According to author Willa Cather, “Most of the basic material a writer works with is acquired before the age of fifteen.”
Her words hit home with me. I was six years old when I first became enamored with Jesus. Six years later, I asked Him into my heart when I understood that I needed a Savior. As a child, I’d pretend to be a missionary nurse and explain the Gospel to my dolls. When I was fifteen, I wrote a fiction story (which filled three spiral notebooks) based on a missionary nurse in Africa. Alas, I never became a nurse or a missionary. However, sharing the Gospel and talking about Jesus never waned. And that “material, acquired before the age of fifteen,” defines me as an author.
The theme of God’s love, grace, and faithfulness revealed in ordinary people’s lives is what I write about on my blog, devotions, first-person stories. If I wrote fiction, I’d incorporate the same theme. I’ve tried to think “outside my box” and daydream about writing the next great American novel. But I always return to the subject…nay, the object of my affection…Christ Jesus.
Granted, some days I question why I’m writing. Wonder if my words make a difference. I grumble that it’d be easier if I pursued a career as a concert pianist even though I don’t play the piano. But then I read the Bible. Or someone tells me about God’s transforming power in their lives—and I’m hooked. Heart ignites. Fingers start typing. Joy trickles along my spine.
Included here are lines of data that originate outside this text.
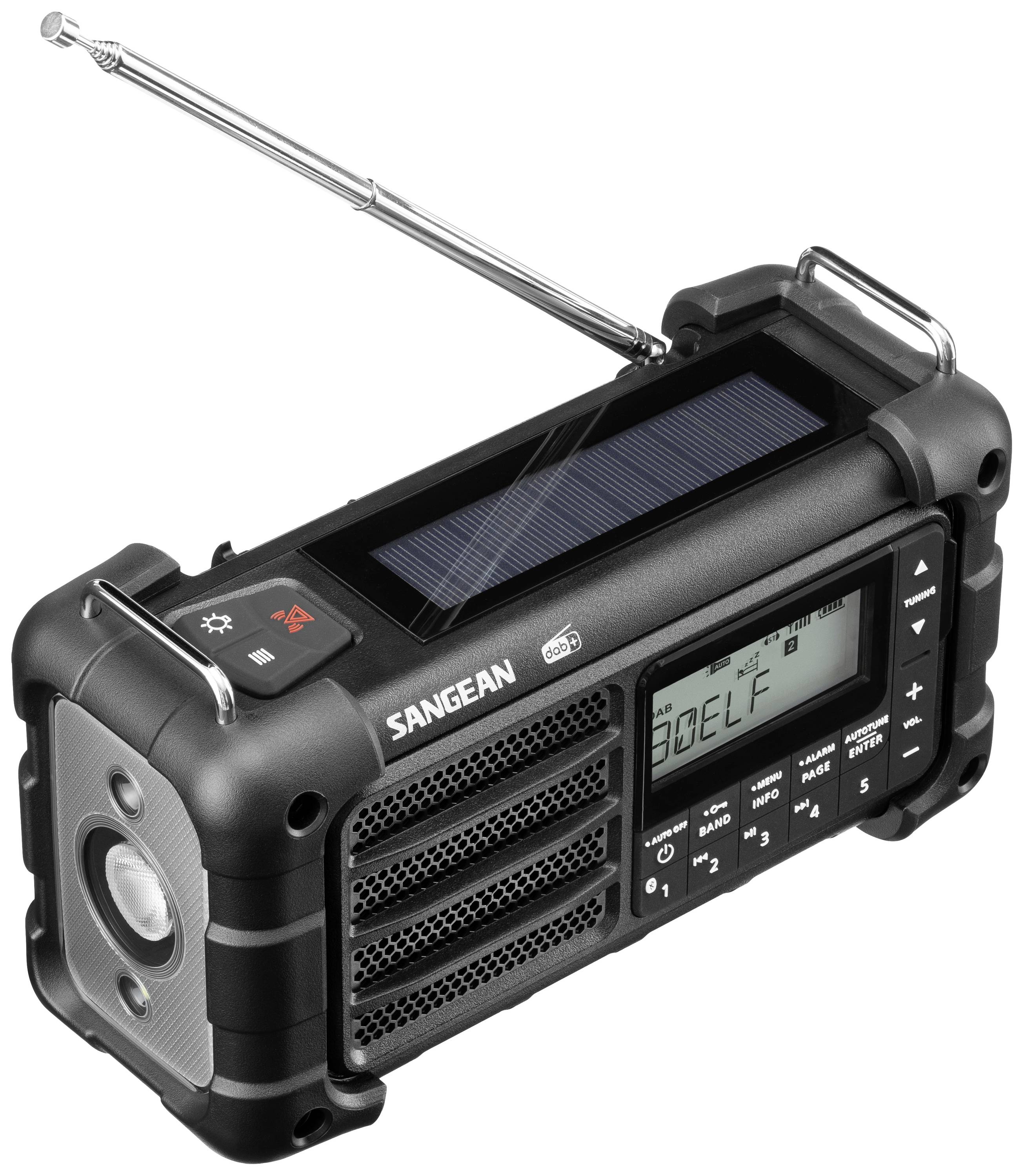 Dynamisches schwarzes Radio mit Solarpanel und ausziehbarer Antenne, zeigt die Frequenz auf digitalem Display.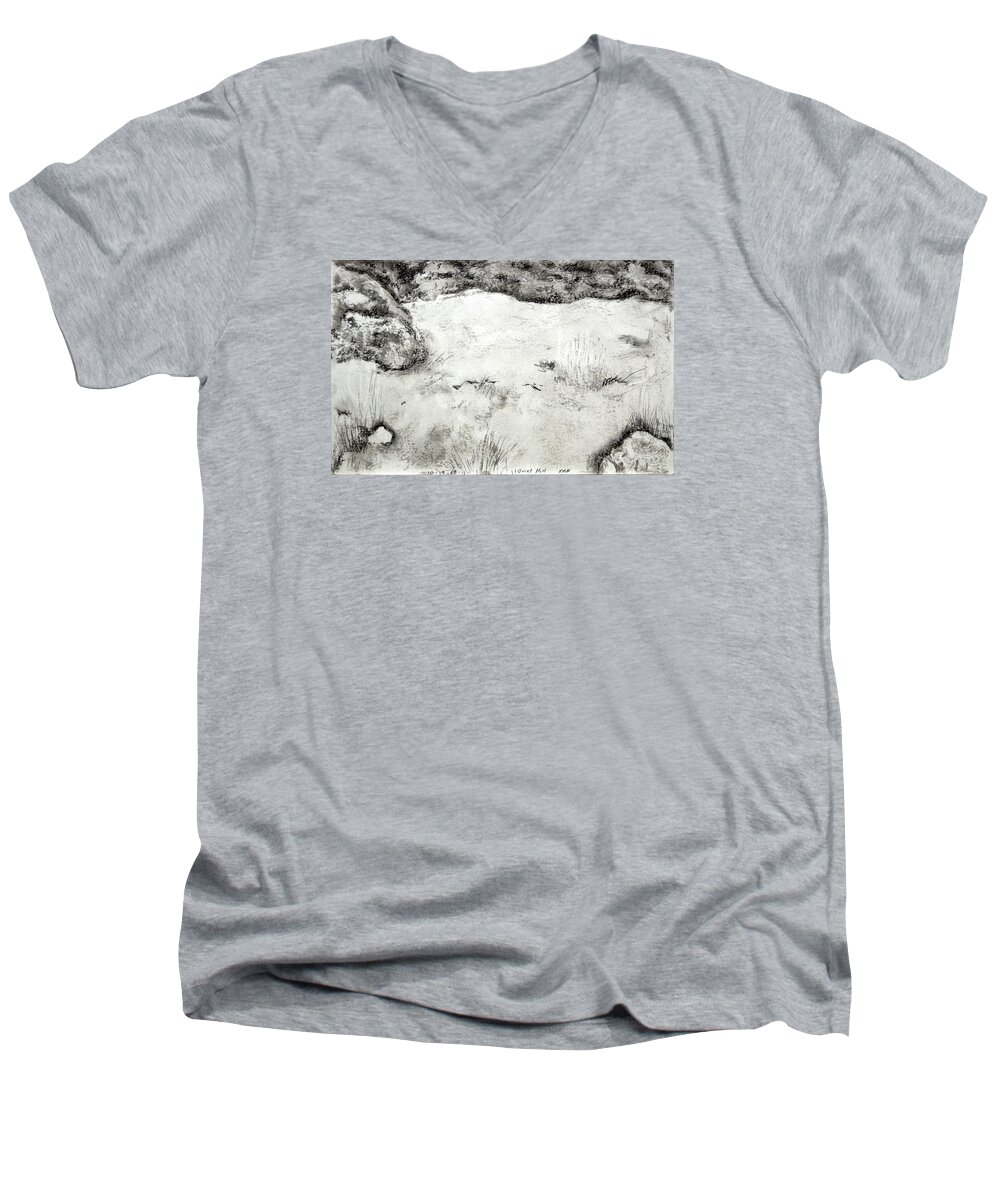  Men's V-Neck T-Shirt featuring the painting Quiet Hill by Kathleen Barnes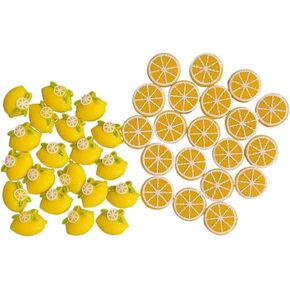 Ebonee Mini Simulated Artificial Lemon Orange Slices, Yellow Resin Simulation Fake Fruit Embellishments Model for Scrapbooking, Photo Props, Phone Case, DIY Crafts Supplies (40 Pack)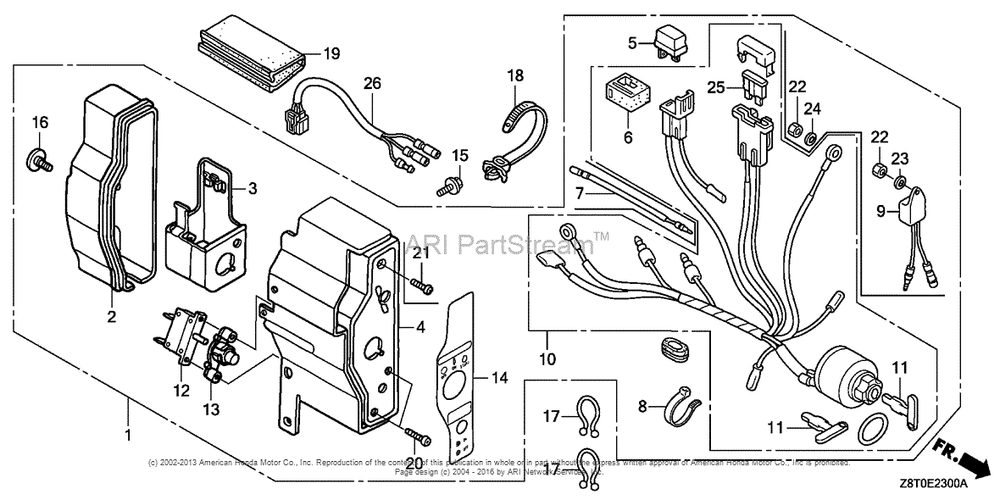 Control Box (1) Diagram and Parts List for GX340RT2 (typeVWE2)(GCBET-1000001) Honda Engine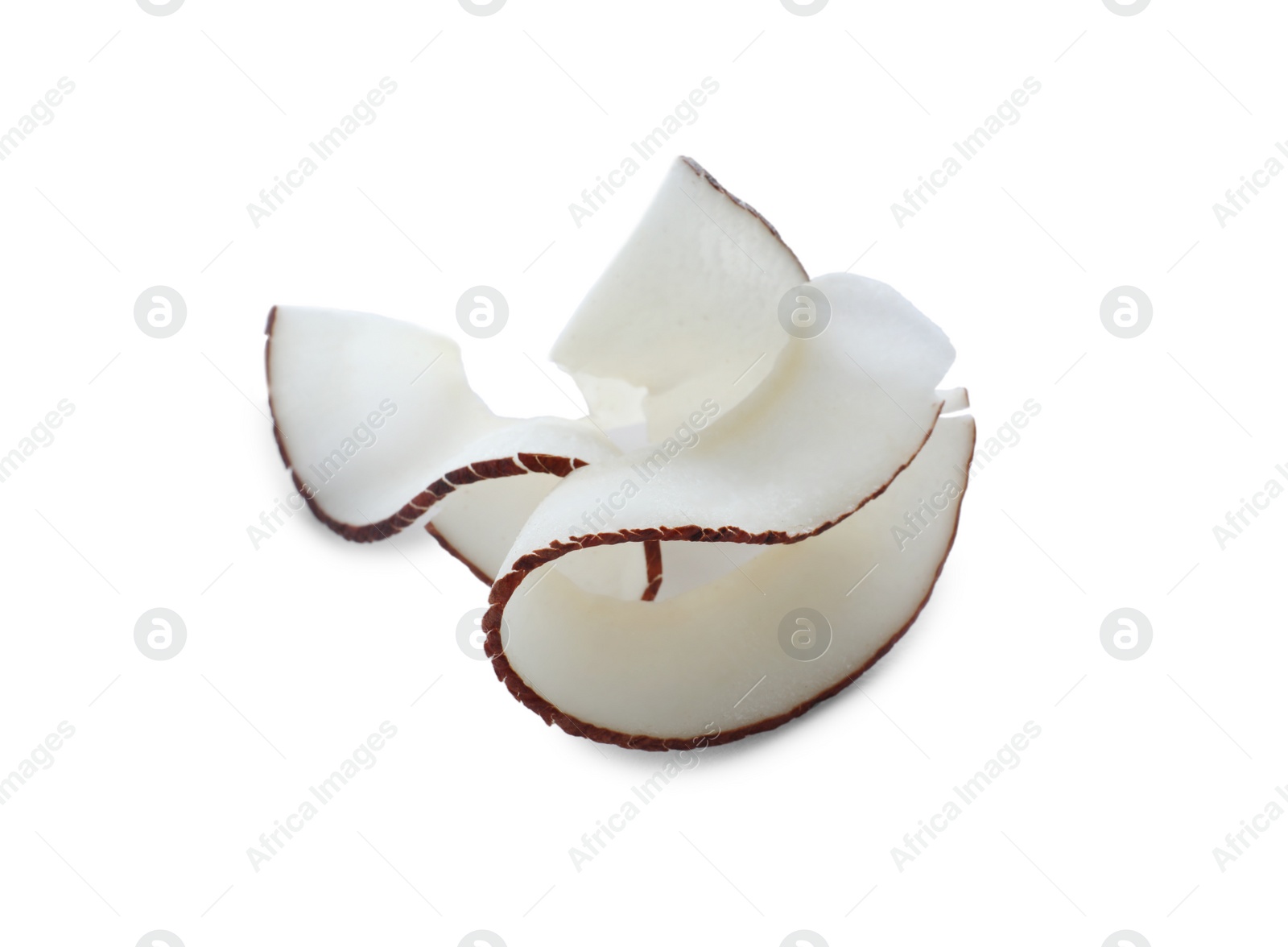 Photo of Tasty fresh coconut flakes isolated on white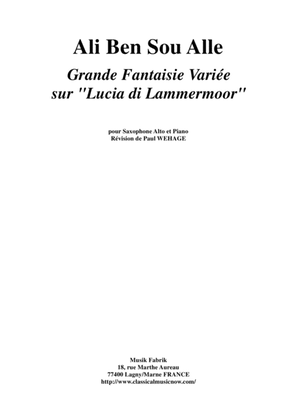 Book cover for Ali Ben Sou Alle: Grande Fantaisie Variée sur "Lucia di Lammermoor" for alto saxophone and piano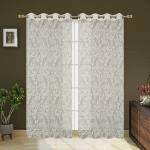 Skirmish Heavy Net Tissue White Floral Pattern Polyester Window Curtains 152 x 121 cm (Jhaad-Net-White-5ft-2)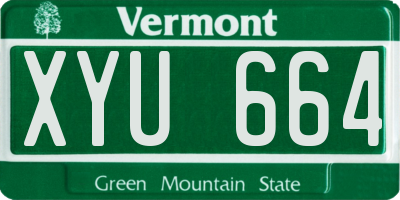 VT license plate XYU664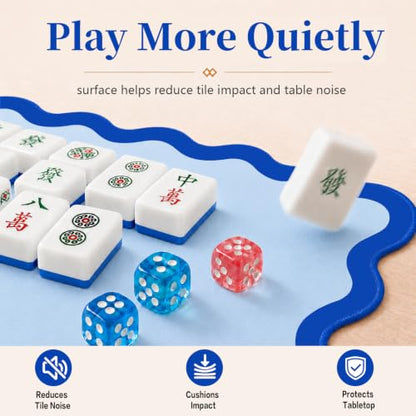 Complete Mahjong Mat Set, 32.4"x32.4" Blue Scalloped Edge Table Cover, Non-Slip & Noise Reduction Gaming Mat with Carrying Bag, Rules, Chips, Wind Marker for Poker & Board Games - color: Blue-set
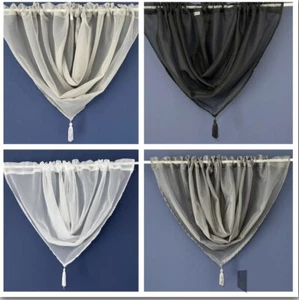 Voile Swags - Tassled - All Colours - Pelmet Valance Net Curtains Voile Curtains - Picture 1 of 15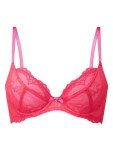 Gossard Women's Superboost Lace Non-Padded Plunge Bra, Red (Rose Red), 34DD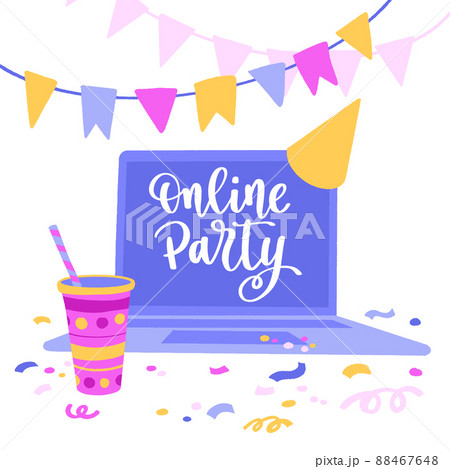 Online birthday party. Online celebration event concept. 88467648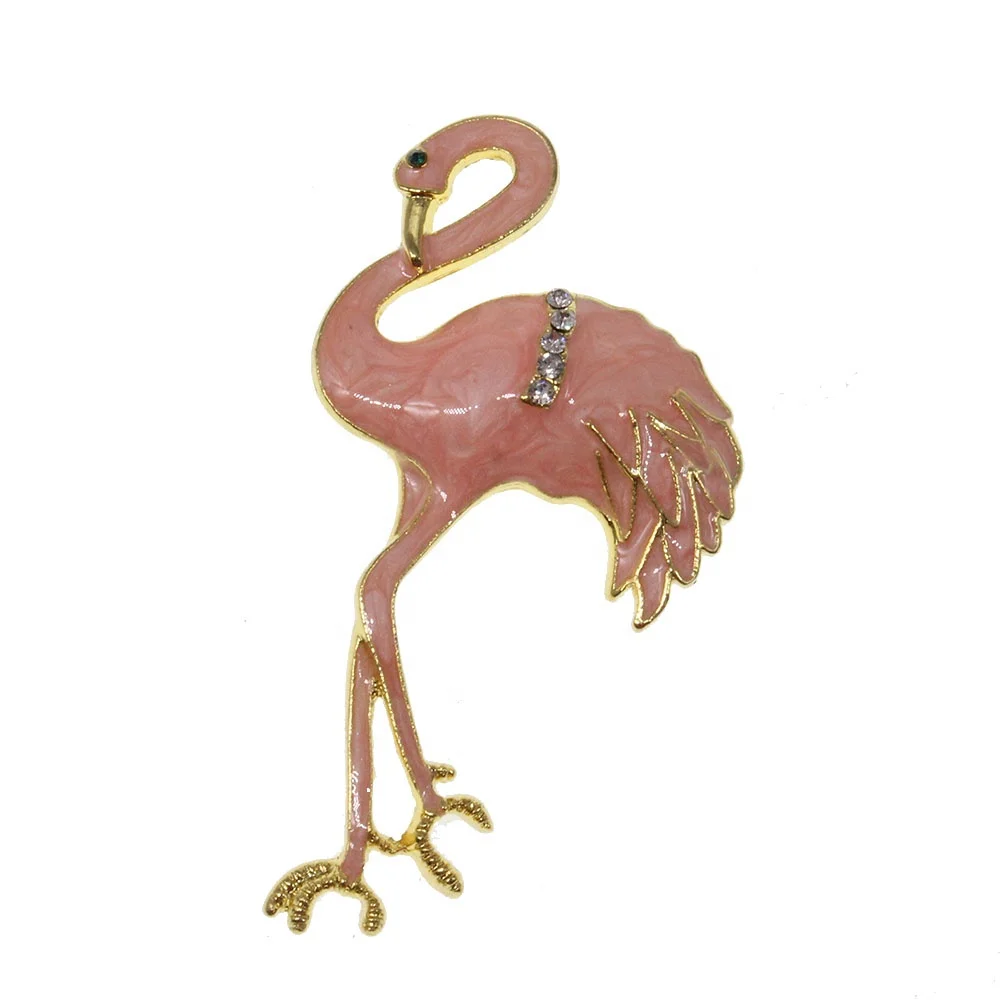 

Crystal Rhinestone enamel Flamingo Brooch Pin Crystal for Woman, Picture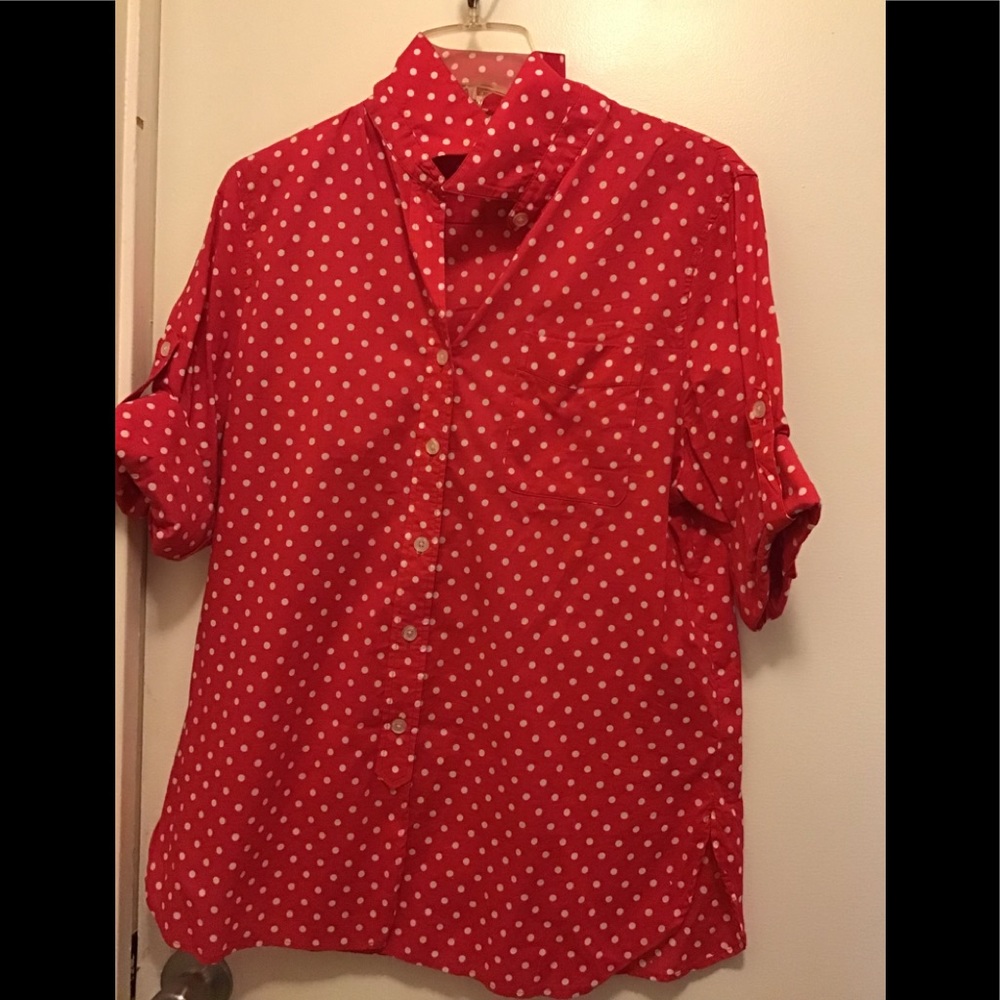 Pink polka dot tailored shirt
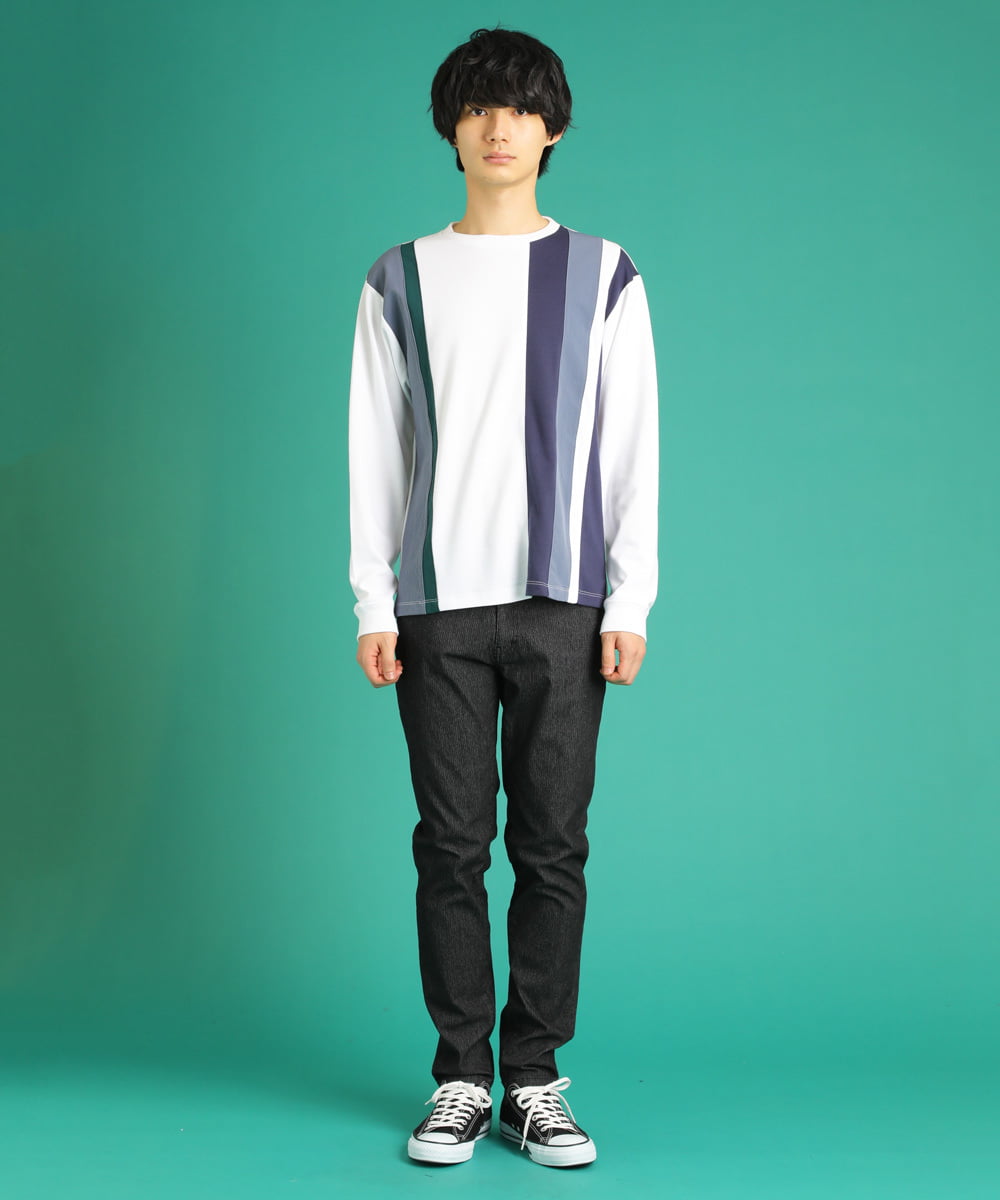 MKKDU81059 MK MICHEL KLEIN HOMME(MKミッシェルクランオム) ストライプ柄カットソー ホワイト(90)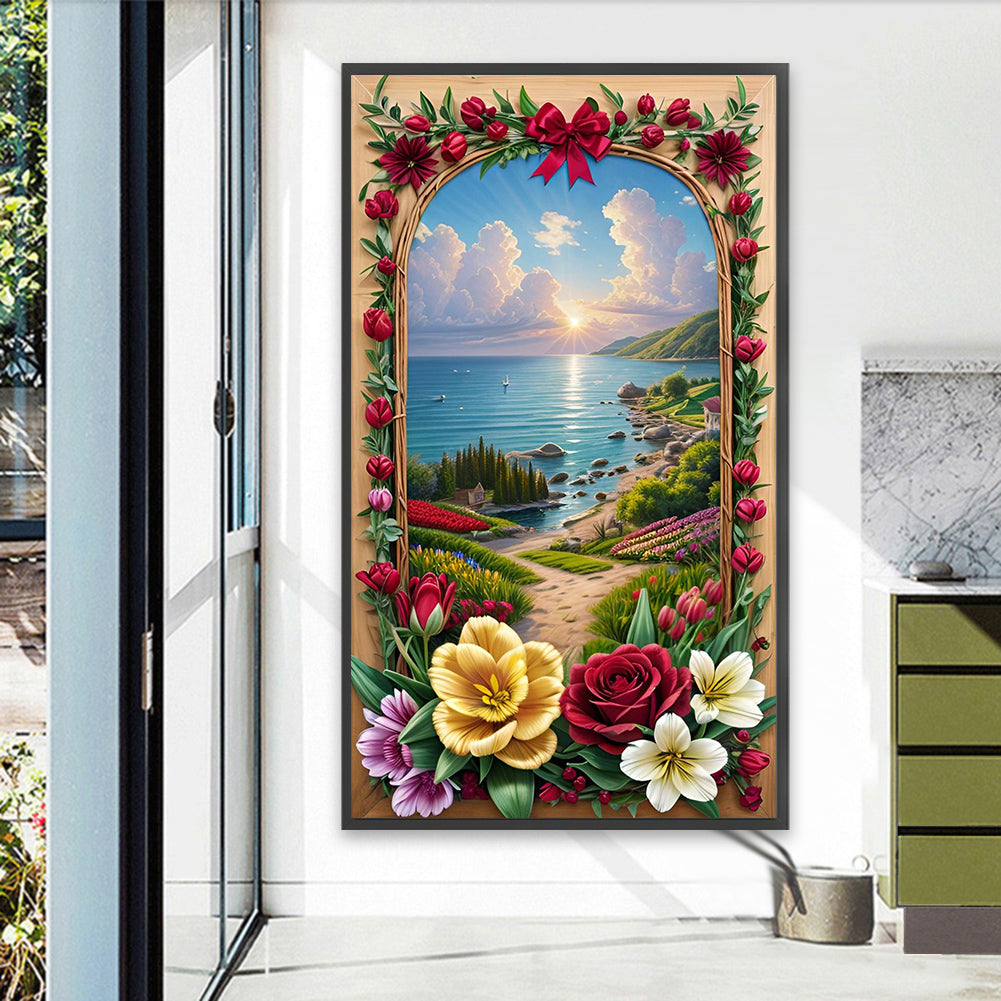 AB Diamond Painting - Full Square - seaside picture frame (40*70CM)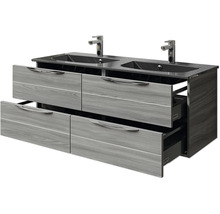 Waschtischunterschrank mit zwei Waschbecken, Schubladen und Armaturen
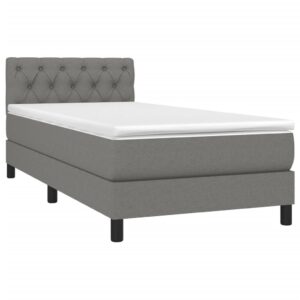 Κρεβάτι Boxspring με Στρώμα Σκούρο Γκρι 80x200 εκ. Υφασμάτινο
Someone asked me, “Why don’t you write a secular novel which translates to the movie screen instead of writing for Christians magazines?” The person implied I’d never earn money or fame. Great point if those were the carrots that compelled me to write. That’s why I’m thankful for Inspire Christian Writers. “They exists to provide a network of support, encouragement, education, and spiritual growth for Christian writers.” I joined years ago and can attest I wouldn’t be the dedicated writer I am today without their positive, godly influence.
What defines you as a writer? Can you trace your subject or themes to your youth?